● YOUR OBJECTIVE:
Copy exactly the lines of the material below that run from the one containing "Tył złotego rozświetlacza" through the one containing "zen herb garden". Copy no other lines.

START GIVEN INFORMATION

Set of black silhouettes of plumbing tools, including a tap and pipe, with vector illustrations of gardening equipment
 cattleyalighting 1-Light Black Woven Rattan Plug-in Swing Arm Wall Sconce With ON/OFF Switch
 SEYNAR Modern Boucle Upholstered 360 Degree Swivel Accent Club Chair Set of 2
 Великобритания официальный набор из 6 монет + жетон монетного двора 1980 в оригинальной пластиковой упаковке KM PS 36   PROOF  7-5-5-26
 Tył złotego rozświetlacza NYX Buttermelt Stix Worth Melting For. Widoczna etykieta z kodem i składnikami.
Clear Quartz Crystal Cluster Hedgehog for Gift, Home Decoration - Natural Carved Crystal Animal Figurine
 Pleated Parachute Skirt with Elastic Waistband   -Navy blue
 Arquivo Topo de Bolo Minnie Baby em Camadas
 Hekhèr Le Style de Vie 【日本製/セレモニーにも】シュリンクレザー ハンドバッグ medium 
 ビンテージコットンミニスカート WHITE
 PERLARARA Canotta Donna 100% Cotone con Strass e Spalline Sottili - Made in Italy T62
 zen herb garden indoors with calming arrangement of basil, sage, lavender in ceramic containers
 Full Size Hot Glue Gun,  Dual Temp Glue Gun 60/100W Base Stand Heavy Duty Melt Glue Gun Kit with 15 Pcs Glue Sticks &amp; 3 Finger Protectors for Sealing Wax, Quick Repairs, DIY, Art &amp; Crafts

END GIVEN INFORMATION

● EXERCISE ANSWER:
 Tył złotego rozświetlacza NYX Buttermelt Stix Worth Melting For. Widoczna etykieta z kodem i składnikami.
Clear Quartz Crystal Cluster Hedgehog for Gift, Home Decoration - Natural Carved Crystal Animal Figurine
 Pleated Parachute Skirt with Elastic Waistband   -Navy blue
 Arquivo Topo de Bolo Minnie Baby em Camadas
 Hekhèr Le Style de Vie 【日本製/セレモニーにも】シュリンクレザー ハンドバッグ medium 
 ビンテージコットンミニスカート WHITE
 PERLARARA Canotta Donna 100% Cotone con Strass e Spalline Sottili - Made in Italy T62
 zen herb garden indoors with calming arrangement of basil, sage, lavender in ceramic containers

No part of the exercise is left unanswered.